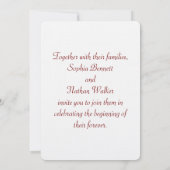 ヴィンテージブルー結婚フローラと素朴チャーム 招待状 (裏面)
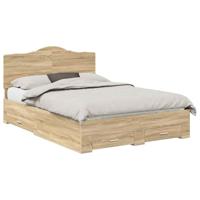 Bedframe met hoofdeinde Sonoma Eiken 150 x 200 cm Bewerkt hout - thumbnail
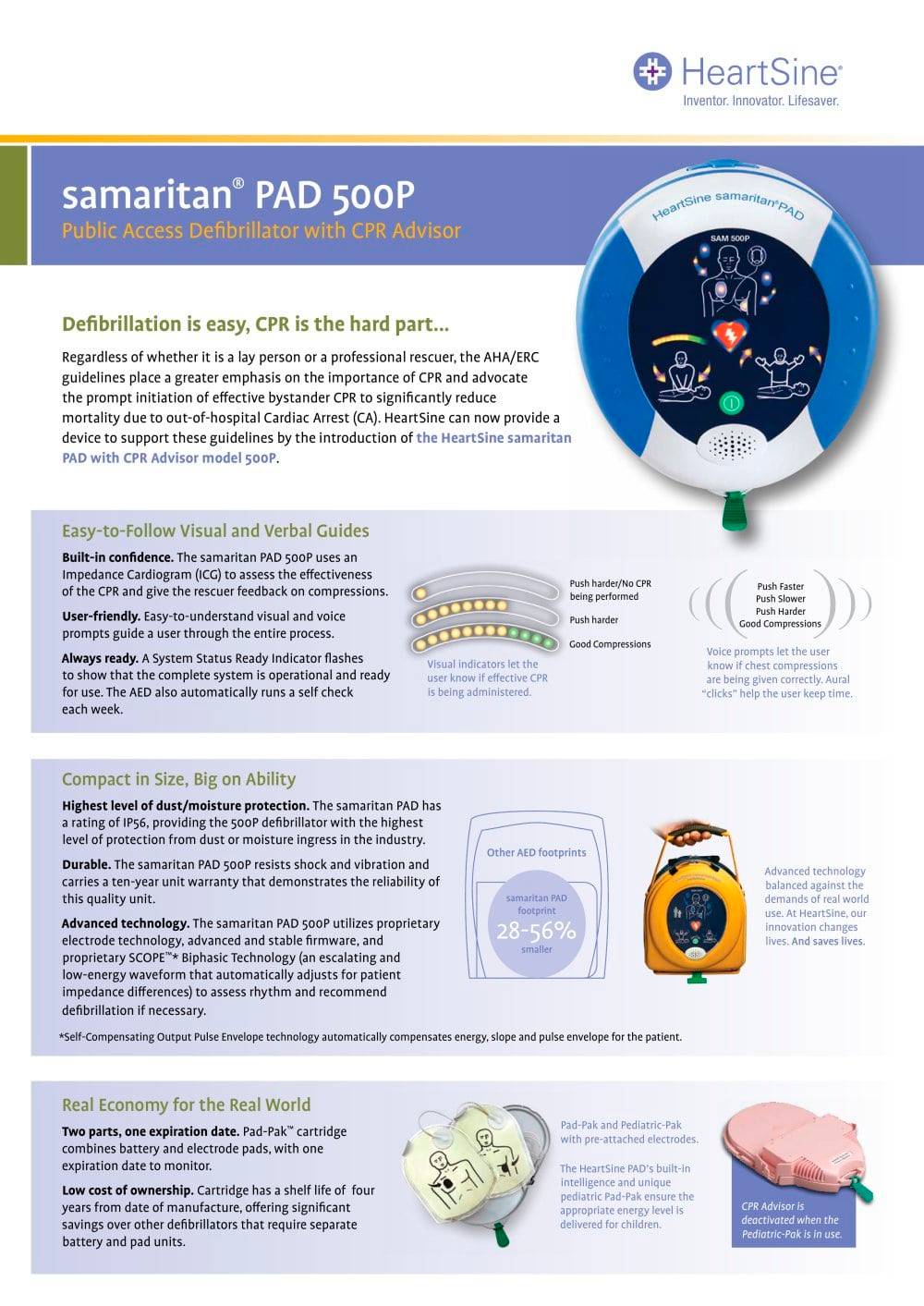 HEARTSINE Samaritan 500P Semi-Automatic AED Defibrillator (CPR Advisor)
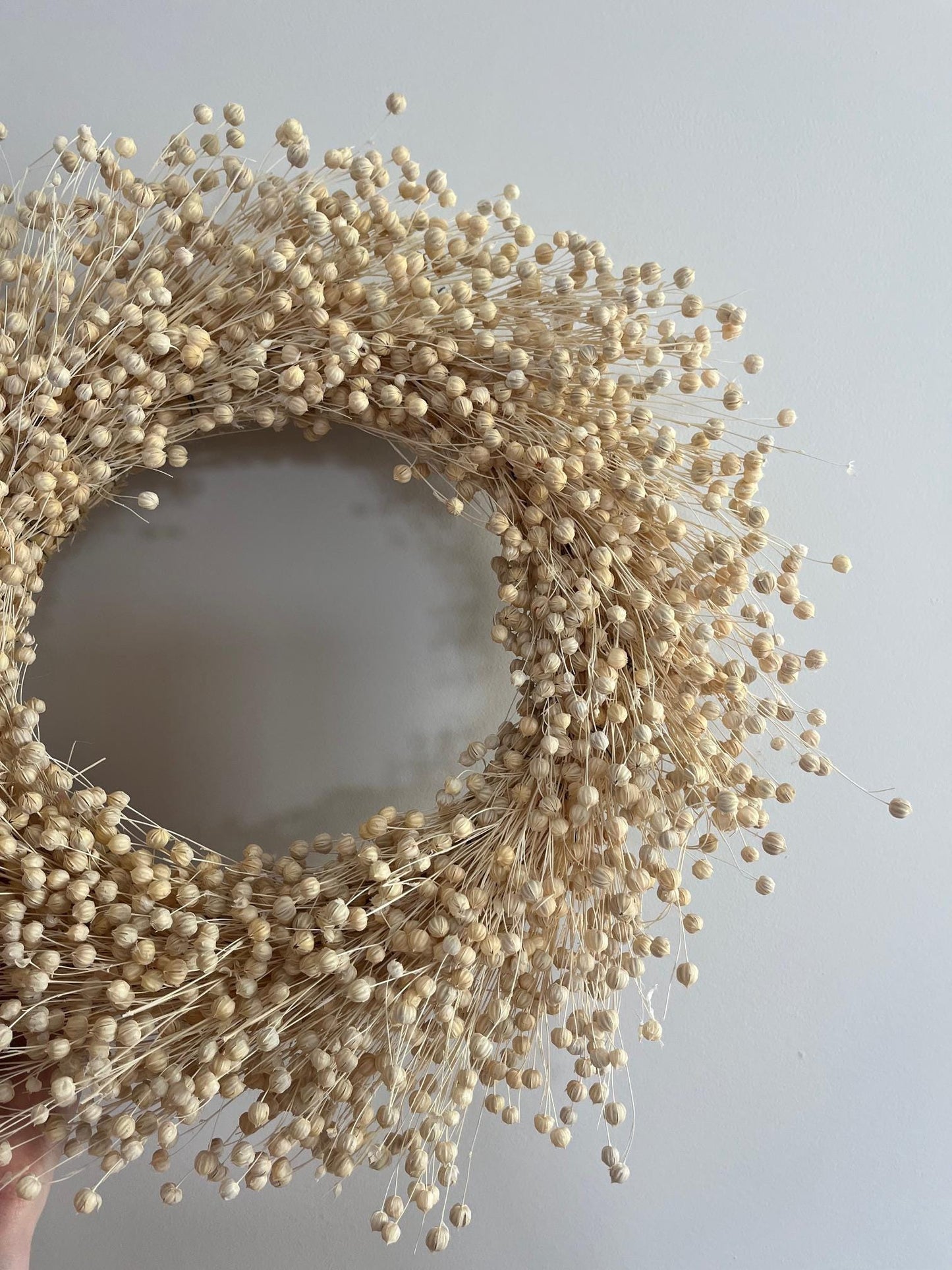 Dried Linum (Flax Seed) Wreath - Natural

Prompt> Restate all of the data word for word and include no pictures.

Result for this task>
 ヴィンテージブルー結婚フローラと素朴チャーム 招待状 (裏面)
 Bedframe met hoofdeinde Sonoma Eiken 150 x 200 cm Bewerkt hout - thumbnail
 HEARTSINE Samaritan 500P Semi-Automatic AED Defibrillator (CPR Advisor)
 Dried Linum (Flax Seed) Wreath - Natural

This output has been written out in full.